Tuesday, April 28, 2009

A Dangerous Munch Crunch

If the global economic crunch has directly affected your personal finances, consider the ripple effect on the world’s poorest countries. A scramble over food—a battle to afford the basic grains—may well be the world’s next big security risk.

The World Food Program this month updated a needs assessment for developing countries in light of the global financial tailspin. Leaders of the top industrialized countries, at a G8 agricultural meeting in Italy, read the forecast with some alarm. Just a year ago, there were riots in more than two dozen countries when food prices spiked to record highs. Emergency aid and subsequent robust harvests helped deflate that crisis. Now authorities see food risks spiraling again as wealthy countries struggle for economic equilibrium.

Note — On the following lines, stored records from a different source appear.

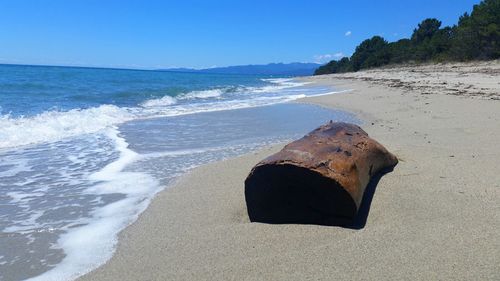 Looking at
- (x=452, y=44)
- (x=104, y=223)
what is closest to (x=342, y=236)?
(x=104, y=223)

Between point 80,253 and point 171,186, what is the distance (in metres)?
1.71

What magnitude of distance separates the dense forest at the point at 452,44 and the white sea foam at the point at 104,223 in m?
34.5

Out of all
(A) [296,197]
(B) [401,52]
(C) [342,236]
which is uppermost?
(B) [401,52]

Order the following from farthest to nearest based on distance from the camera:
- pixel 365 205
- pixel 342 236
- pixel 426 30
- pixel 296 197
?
pixel 426 30, pixel 365 205, pixel 296 197, pixel 342 236

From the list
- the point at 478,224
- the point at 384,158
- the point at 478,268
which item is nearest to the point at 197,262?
the point at 478,268

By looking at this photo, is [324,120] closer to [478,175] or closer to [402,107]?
[402,107]

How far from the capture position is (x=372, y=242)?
297 centimetres

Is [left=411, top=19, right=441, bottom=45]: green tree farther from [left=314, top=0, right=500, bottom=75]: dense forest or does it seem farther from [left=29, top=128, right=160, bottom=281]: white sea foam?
[left=29, top=128, right=160, bottom=281]: white sea foam

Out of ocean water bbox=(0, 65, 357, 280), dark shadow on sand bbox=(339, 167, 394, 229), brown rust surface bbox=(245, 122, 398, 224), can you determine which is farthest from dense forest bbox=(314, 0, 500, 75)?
brown rust surface bbox=(245, 122, 398, 224)

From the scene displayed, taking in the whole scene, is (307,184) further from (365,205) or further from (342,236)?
(365,205)

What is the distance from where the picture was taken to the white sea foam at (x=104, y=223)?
9.93 feet

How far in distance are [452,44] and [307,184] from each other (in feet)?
140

What happens when rich people steer away from risk, consumers stop spending and credit dries up? The faraway poor suffer the nastiest end of a financial whiplash. The WFP's report, relying on World Bank and International Monetary Fund figures, told this story:

Remittances in emerging countries—money sent home by family members working abroad—have shrunk significantly with the downturn. Primary exports in poor countries, and particularly African nations that sell goods such as copper and coffee, have fallen. Capital investments in emerging markets are shriveling.

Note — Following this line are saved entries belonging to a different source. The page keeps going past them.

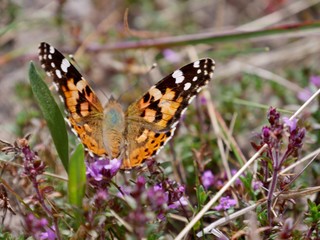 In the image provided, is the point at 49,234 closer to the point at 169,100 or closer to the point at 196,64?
the point at 169,100

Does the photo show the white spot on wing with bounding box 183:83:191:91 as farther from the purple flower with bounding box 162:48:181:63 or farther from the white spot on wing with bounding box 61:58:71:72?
the purple flower with bounding box 162:48:181:63

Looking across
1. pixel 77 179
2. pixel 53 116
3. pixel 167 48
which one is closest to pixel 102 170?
pixel 77 179

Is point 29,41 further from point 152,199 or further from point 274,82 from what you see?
point 152,199

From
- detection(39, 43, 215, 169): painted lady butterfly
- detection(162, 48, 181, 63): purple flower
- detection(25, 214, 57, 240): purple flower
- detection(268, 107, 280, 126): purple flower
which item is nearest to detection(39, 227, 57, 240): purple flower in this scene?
detection(25, 214, 57, 240): purple flower

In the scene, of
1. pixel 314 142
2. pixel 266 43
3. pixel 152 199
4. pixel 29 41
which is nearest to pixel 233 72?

WFP spokeswoman Brenda Barton told me that global food production has long been on the radar of the industrialized world as a humanitarian concern. Now sensitivities appear to have changed. U.S. agriculture secretary Tom Vilsack told the Financial Times at the G8 ministers meeting that global food output was coming into focus as a security risk. “This is not just about food security, this is about national security,” Vilsack said.

WFP is waiting to see if food production and hunger actually finds a place on agenda of the G8 summit now planned for July. High food prices persist—albeit lower than the crisis days of 2008—and the world’s hungry are not diminishing in number, Barton said.

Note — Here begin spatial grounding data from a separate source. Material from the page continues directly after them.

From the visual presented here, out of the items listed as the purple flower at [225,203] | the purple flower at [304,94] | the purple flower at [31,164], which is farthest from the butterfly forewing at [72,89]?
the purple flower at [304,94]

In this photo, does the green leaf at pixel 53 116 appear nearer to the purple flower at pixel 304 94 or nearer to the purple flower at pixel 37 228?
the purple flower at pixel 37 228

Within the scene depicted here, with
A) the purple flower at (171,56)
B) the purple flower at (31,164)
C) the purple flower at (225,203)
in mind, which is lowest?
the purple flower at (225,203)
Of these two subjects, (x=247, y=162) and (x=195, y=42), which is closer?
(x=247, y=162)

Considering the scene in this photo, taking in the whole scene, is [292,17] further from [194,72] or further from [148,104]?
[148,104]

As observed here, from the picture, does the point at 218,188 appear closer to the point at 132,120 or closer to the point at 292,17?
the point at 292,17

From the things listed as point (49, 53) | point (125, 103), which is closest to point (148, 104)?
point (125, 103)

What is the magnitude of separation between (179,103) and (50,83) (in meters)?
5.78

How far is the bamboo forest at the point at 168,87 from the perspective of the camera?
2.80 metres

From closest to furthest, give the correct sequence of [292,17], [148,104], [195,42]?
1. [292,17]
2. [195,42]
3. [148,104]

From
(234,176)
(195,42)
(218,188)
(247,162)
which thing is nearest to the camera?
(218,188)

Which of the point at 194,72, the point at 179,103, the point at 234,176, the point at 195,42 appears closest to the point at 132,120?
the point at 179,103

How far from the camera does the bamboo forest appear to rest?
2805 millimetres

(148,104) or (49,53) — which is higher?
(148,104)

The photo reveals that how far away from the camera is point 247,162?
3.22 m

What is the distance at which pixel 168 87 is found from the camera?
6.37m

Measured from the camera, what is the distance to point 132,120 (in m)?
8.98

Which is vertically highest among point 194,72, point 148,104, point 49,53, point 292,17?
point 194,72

More than a billion people go hungry everyday and the number is expected to climb under the current bleak economic conditions. To get a better idea of the problem, look at this data from WFP's April 24 fact sheet. Global cereal prices have fallen since the spike of 2008 but they are still 66 per cent higher than 2005.

“Unfortunately, there are always political and other forces at play when it comes to food,” Barton explained. ”It helps when there are riots on television and people see the human effect of high prices. But it was really straight-forward last year when people saw this as a price issue.

“Now, with the financial crisis, the situation has become much more complicated and far more difficult to track all factors,” Barton said. “And when you see this as a matter of security, well, that takes it to a whole new level.”